Whoever Believes in Me: Unbelief as a Reason to Cry for True Belief in Jesus

Brian Mahon - 10/9/2022


Call to worship: Isaiah 6:1-10

Text: John 12:36b-50


For John's contemporaries, Jewish or otherwise, it would've been expected that the Jewish Messiah would've been believed upon by the Jewish people. That most did not was an obstacle needing clearance. Perhaps Jesus was not all He was rumored to be. Or, as John means to persuade us, the bear mention of their unbelief actually solidifies the historicity of the Gospel, and (more to the issue) their unbelief was expected. Their rejection of Christ was foretold by God in Scripture.
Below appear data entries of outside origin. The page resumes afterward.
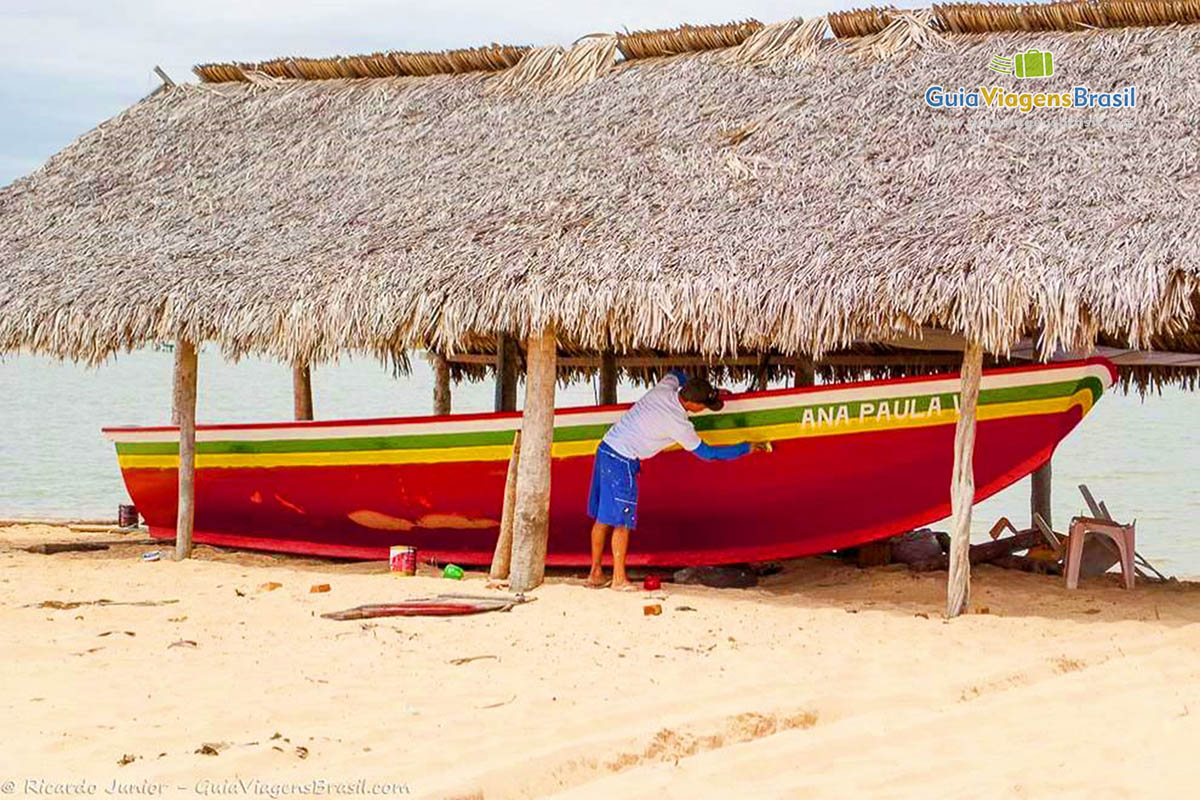 Imagem de um barco em baixo de barraca de sapê e uma pessoa pintando o barco.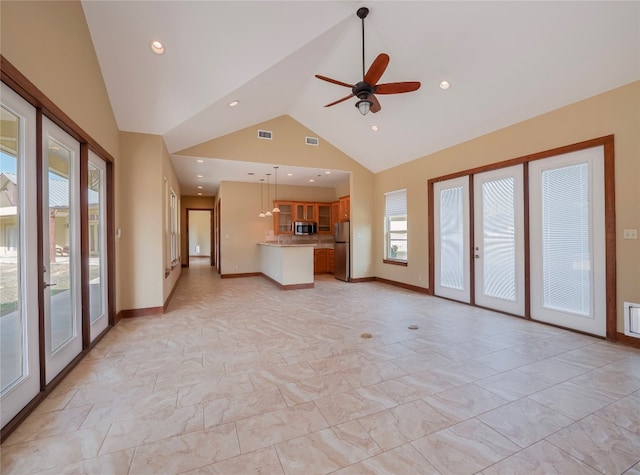 unfurnished living room featuring ceiling fan, light tile flooring, and high vaulted ceiling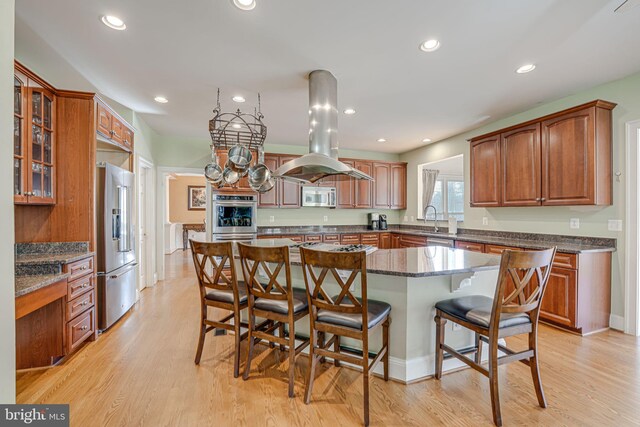15280 Riding Club Dr, Haymarket, VA 20169 - kitchen featuring island exhaust hood, stainless steel appliances, a sink, a kitchen breakfast bar, and a center island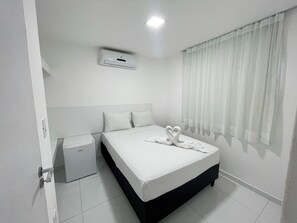Habitación de hotel con una cama, mesita de noche, un pequeño armario y una ventana con cortinas.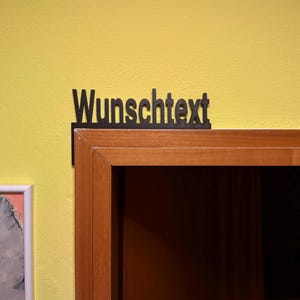 Könnte beinhalten: Ein schwarzes, lasergeschnittenes Schild mit dem deutschen Wort "Wunschtext" in einer serifenlosen Schriftart. Das Schild ist an der oberen Ecke eines hölzernen Türrahmens vor einer hellgelben Wand befestigt und ragt leicht über den Rahmen hinaus.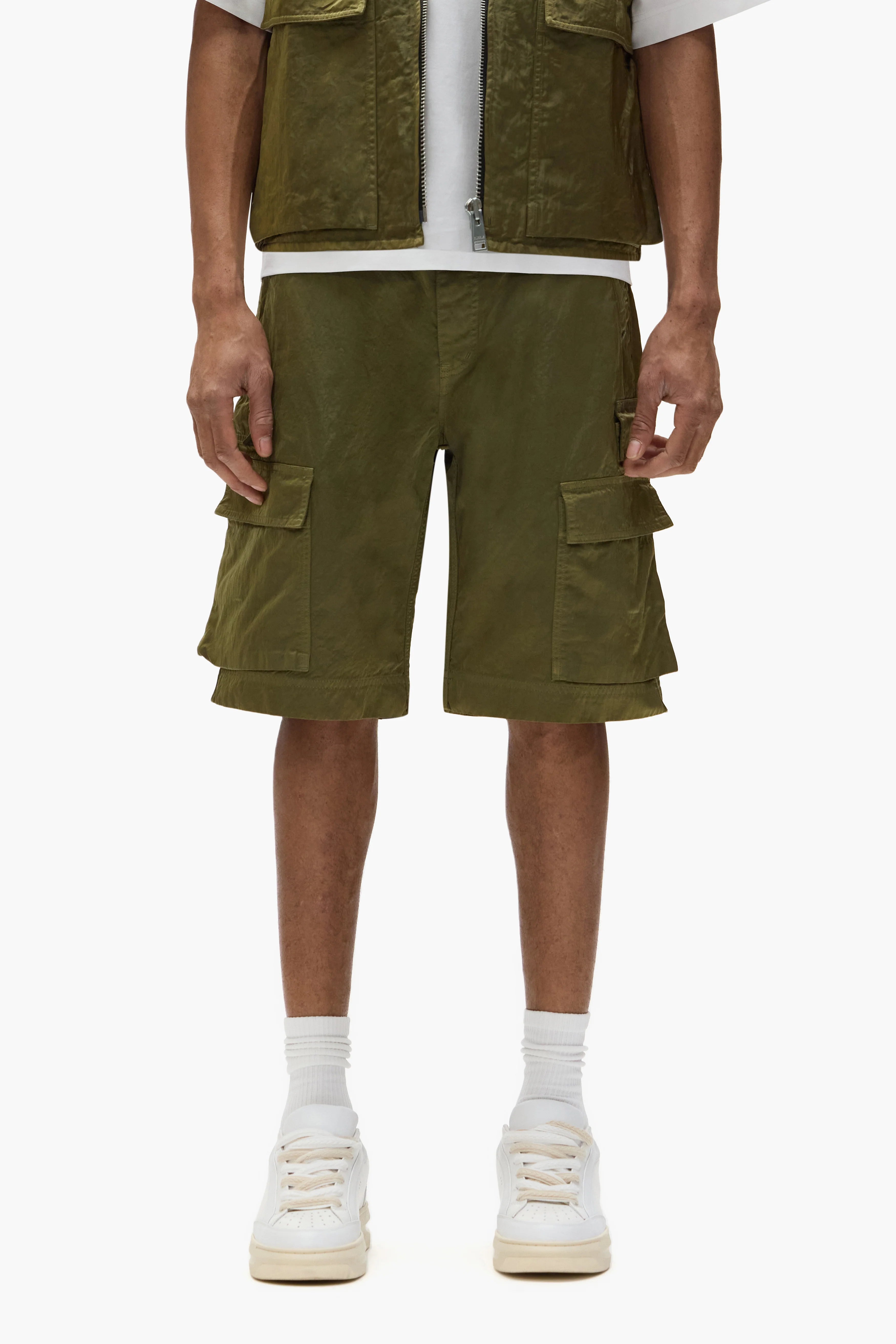 Purple Brand green sateen cargo shorts with utility pockets and relaxed fit laid flat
Thus, their unbelief is really an apologetic for why one should believe in Jesus. He is the holy, divine King Who suffered and died for us and, as such, His ministry fulfilled the tenor of ministry for all God's servants, like Isaiah. But again, that then becomes a call to truly believe in Jesus---as the saving Word of God to sinful people. In a text that emphasizes the sovereignty of God even in unbelief, it boldly calls upon people to responsibly place their faith in Jesus for eternal life, and to be careful that they not reject the Word intended to save them, lest it stand to judge them. It is a fitting Word for the culmination and close of Jesus' public ministry.

Sermon Outline:

  1. Unbelief as a reason to believe truly in Jesus. (12:36b-43)
    • Unbelief establishing Gospel historicity.
    • Unbelief fulfilling biblical prophecy.
    • Unbelief underscoring Christ's glory.
  2. Jesus crying out to all to believe truly in Jesus. (12:44-50)


Discussion Questions:

  1. Read John 12:36b-50. Secondarily, read Isaiah 6:1-10 with 53:1ff (ff=and following).
  2. Coming out of 12:35-36a, why might Jesus leave and hide from them? What does it demonstrate? How does John relay the response of Israel to the ministry of Jesus? Why might this need an explanation for John's readers? How does John explain their unbelief?
  3. How do the two passages from Isaiah relate (and find fulfillment) in the response of the nation to the ministry of Jesus? What do they say about Jesus? What do they communicate about Israel? Why would God ever usher such a judgment as this? Can we agree that God is sovereign over belief and unbelief while, still, maintaining human culpability, responsibility, the justice of God, and the necessity of calling the lost to faith in Christ? How do we see all these things in this passage?
  4. Against the tendency to see God's sovereignty in salvation as a disconcerting thing, why might it actually be a most hopeful thing? How are we to understand John's comment that Isaiah saw Jesus' glory? How does that inform our understanding of the faith described in 12:42-43, that they loved the glory of man more than the glory of God in Christ? What is at the heart of true faith? How does Isaiah's life and ministry accentuate the worth of Jesus that should be central to our lives?
  5. How does John have Jesus respond to a section heavy on the sovereignty of God in salvation? How is this section a fitting close to the public ministry of Jesus? How does it relate to the purpose of this Gospel? How does it intersect with the prologue? What is the loud cry of Jesus here? What does He urge upon all souls? Is this the preeminent urgency and task in our lives, and in our life together as a church? What steps can be taken to develop an overriding passion for and practice of evangelism and the care of souls?